Лекарь Аристокл вышел из комнаты, заполнившейся густым дымом от курений и тяжелым запахом мази. Он, словно хозяин в доме, смело направился к Псиафу. Пару раз уточнив дорогу у рабов он наконец вошел.
- Привет тебе, Псиаф, - лекарь поднял руку. - Я присматриваю за твоим мальчиком, можешь не беспокоиться за него, он поправится через пару дней. Я вижу, ты любитель особенно... утонченных развлечений. У меня есть занятное средство, способное сделать любого покорным на некоторое время. Тебе его хватит, чтобы насладиться любым строптивцем. Но это очень дорогое средство.
Псиаф, недовольно оторвался от сметы расходов по лавке, которую ему принес Амикл, и подозрительно покосился на вошедшего. Судя по его говору, тот не был афинянином. Псиаф прищурился. Из варваров? Нет, он явно из эллинов... Скорее всего, из греческих колоний в Малой Азии...
Псиаф недовольно нахмурился, он не любил, когда в его комнату заходили так неожиданно, без разрешения. Но этот человек принес хорошие новости о "его Ганимеде". Амикл рассказывал о нем: как неожиданно наткнулся на лекаря посреди Афин, и как мальчишке стало заметно лучше после его притираний, - и Псиаф смягчился.
- И тебе привет, добрый человек. Откуда ты? - торговец откинулся назад, поманив лекаря рукой, подзывая к себе и указывая на дифрос с плетеным сидением. - И о каком средстве ты говоришь?
Аристокл уселся и закинул край сползшего гиматия за плечо, а затем положил ногу на ногу и обхватил колено сложенными ладонями.
- Среди моих предков была та самая Медея, которая помогла Ясону добыть Золотое руно. Многие знания переданы и мне. Среди них - средство, способное вызвать яростную страсть, нестерпимое желание. Стоит подмешать его в питье - и ты получишь любого. Не любовь, конечно, но всю страсть, на которую способен человек.
Псиаф ненадолго замер, переваривая услышанное и раздумывая. Он знал о таких средствах, слухи о них ему рассказывали купцы, побывавшие на Востоке. Такими "лекарствами" пользовались персидские цари в своих гаремах.

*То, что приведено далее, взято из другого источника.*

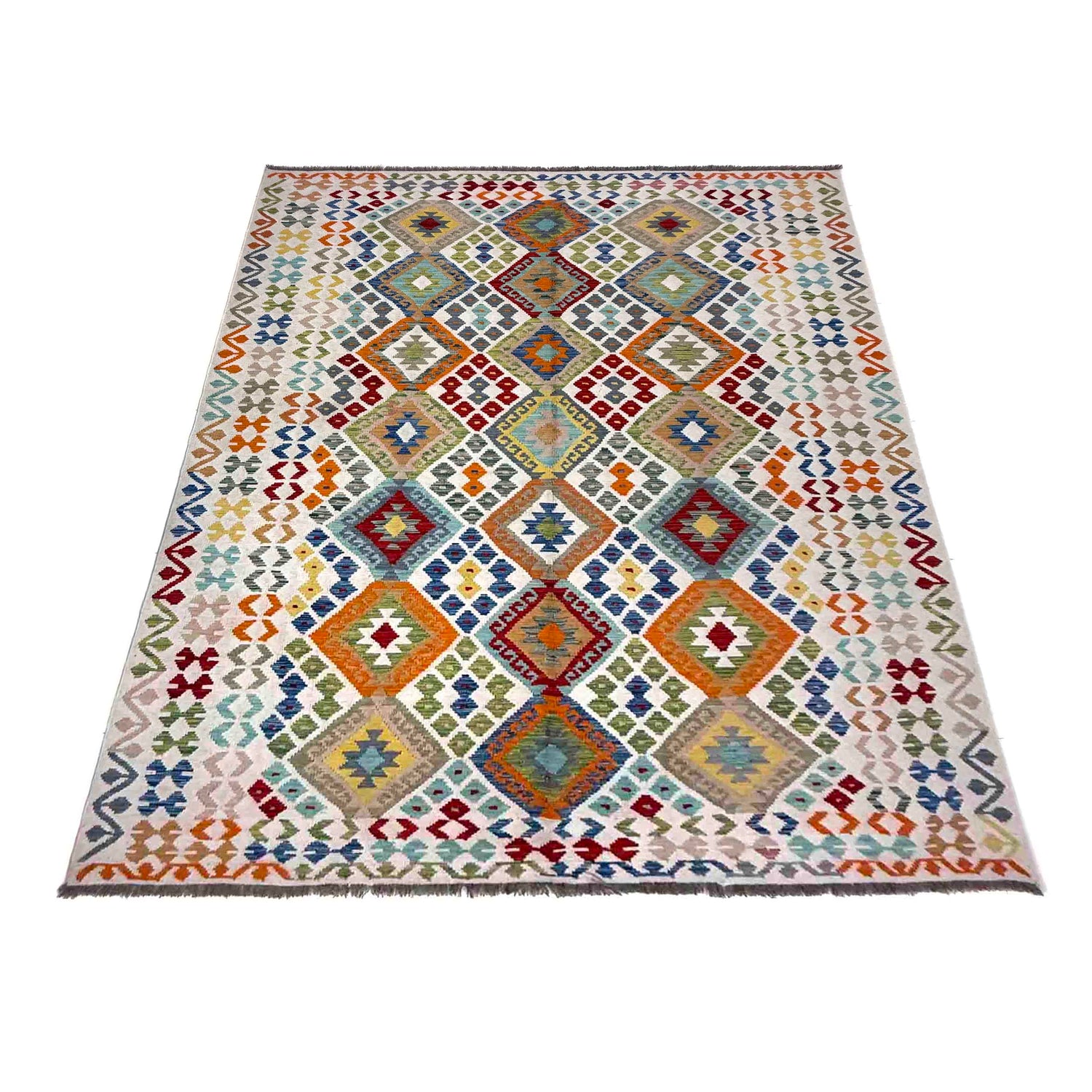 Handmade Vegetable Kelim 6' 8" x 9' 9" (ft) - No. R39847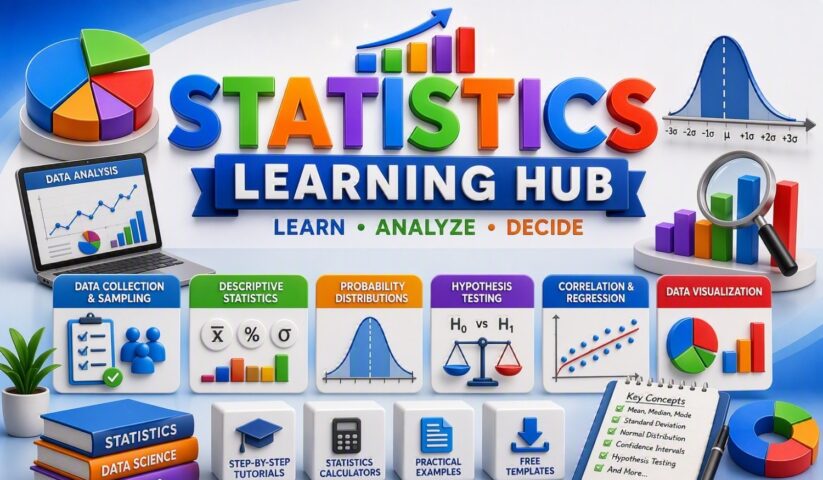 Statistics Learning Hub with data analysis, descriptive statistics, probability distributions, hypothesis testing, correlation and regression, data visualization tutorials and calculators
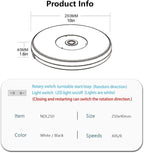 YVV LED Rotating Display Stand White 10 Inch 360° Motorized Turntable with LED Light, USB Powered Display Base for Product Photography, Jewelry Showcase, 22lb Capacity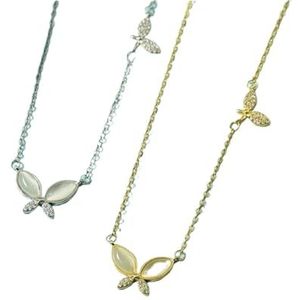 Mooie kristallen vlinderketting compatibel met vrouwen 925 sterling zilver Valentijnsdag sieraden luxe sleutelbeenketting cadeau (Color : Gold_45cm)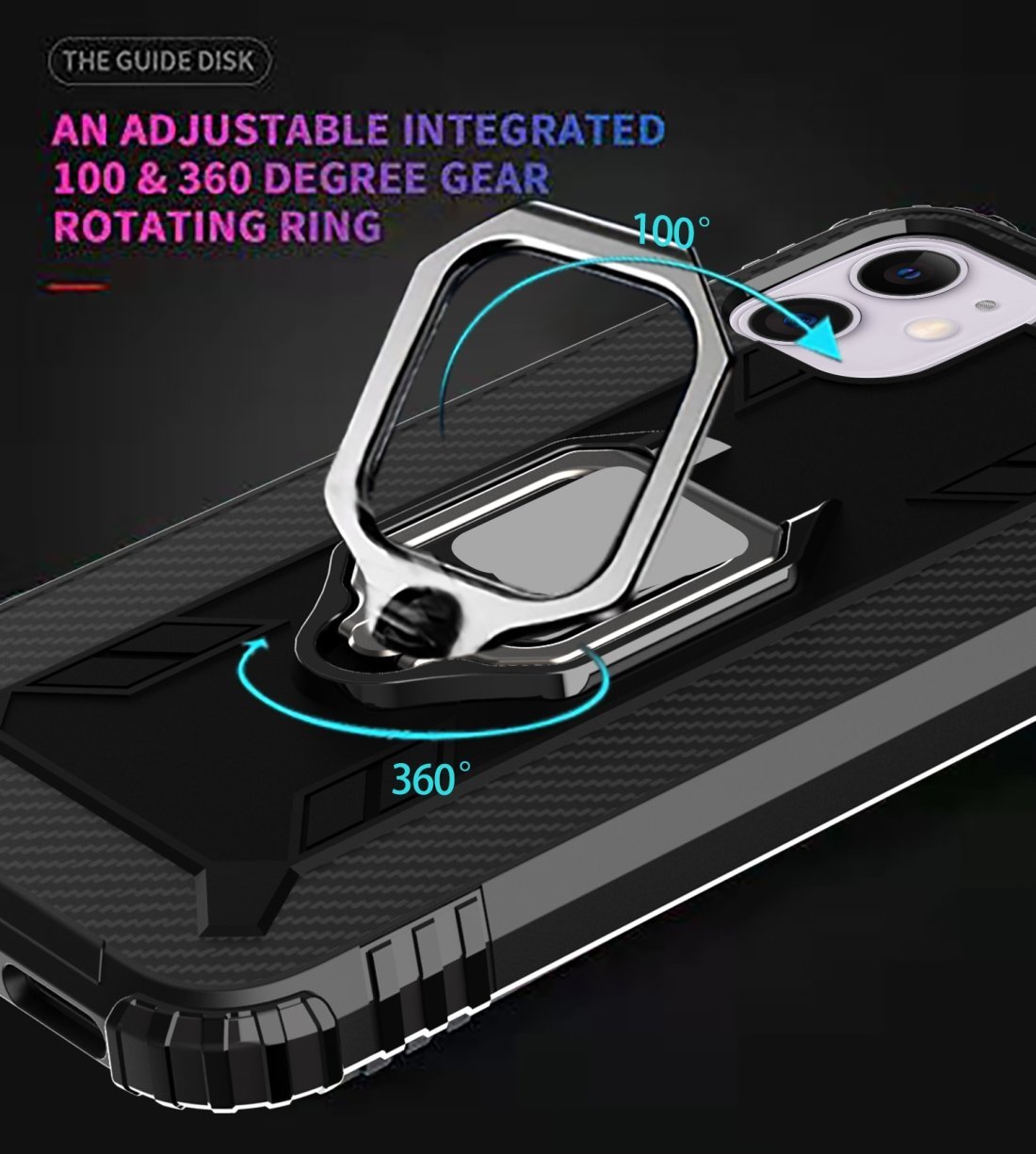AMZER Sainik Case With 360° Magnetic Ring Holder for iPhone 12 Pro
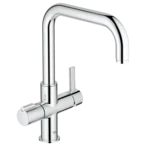 Red Duo single-lever sink mixer with U-spout chrome Swiss type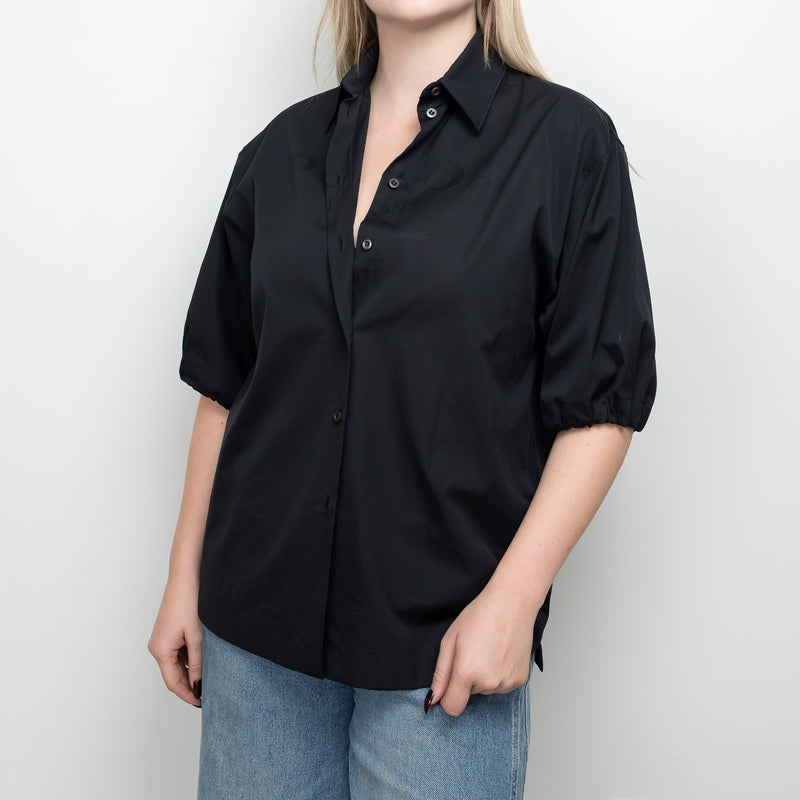Prada Black Short Sleeve Button Up Size 40 with Drawstring Sleeves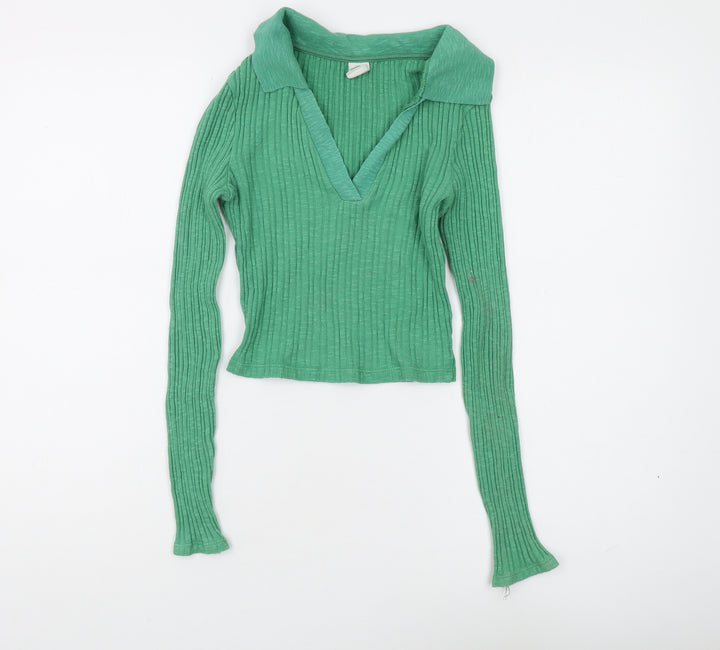 Urban Outfitters Women's Green Collared Pullover Jumper Size 12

"Лекарства" стоили огромных денег, и секрет их приготовления хранился под страхом смертной казни.
Средство, способное сделать покорным и вызвать страсть, хм...
Пока, заключив сделку с Кироном, он терпел убытки, а не испытывал удовольствие от общения с мальчишкой как рассчитывал. Псиаф был торговец, потраченные деньги считать умел. И ему не хотелось вновь, потребовав от Кирона выполнения условий сделки, наткнуться на это упрямое бешенство, и опять избить его до полусмерти. Хотелось иного удовольствия.
Псиаф прикусил ноготь на большом пальце. Хм, заманчивое предложение.
- А не обманешь? - он цепко взглянул на сидящего лекаря.
Тот склонил голову.
- Нет, Псиаф, на что мне это? Ты всегда можешь найти меня, я слышал о тебе и твоих... друзьях, - он лукаво улыбнулся.
Псиаф, все еще сомневаясь, кивнул:
- Как им пользоваться? Что за средство? Оно у тебя с собой? Надолго ли хватает? - посыпались деловые вопросы торговца.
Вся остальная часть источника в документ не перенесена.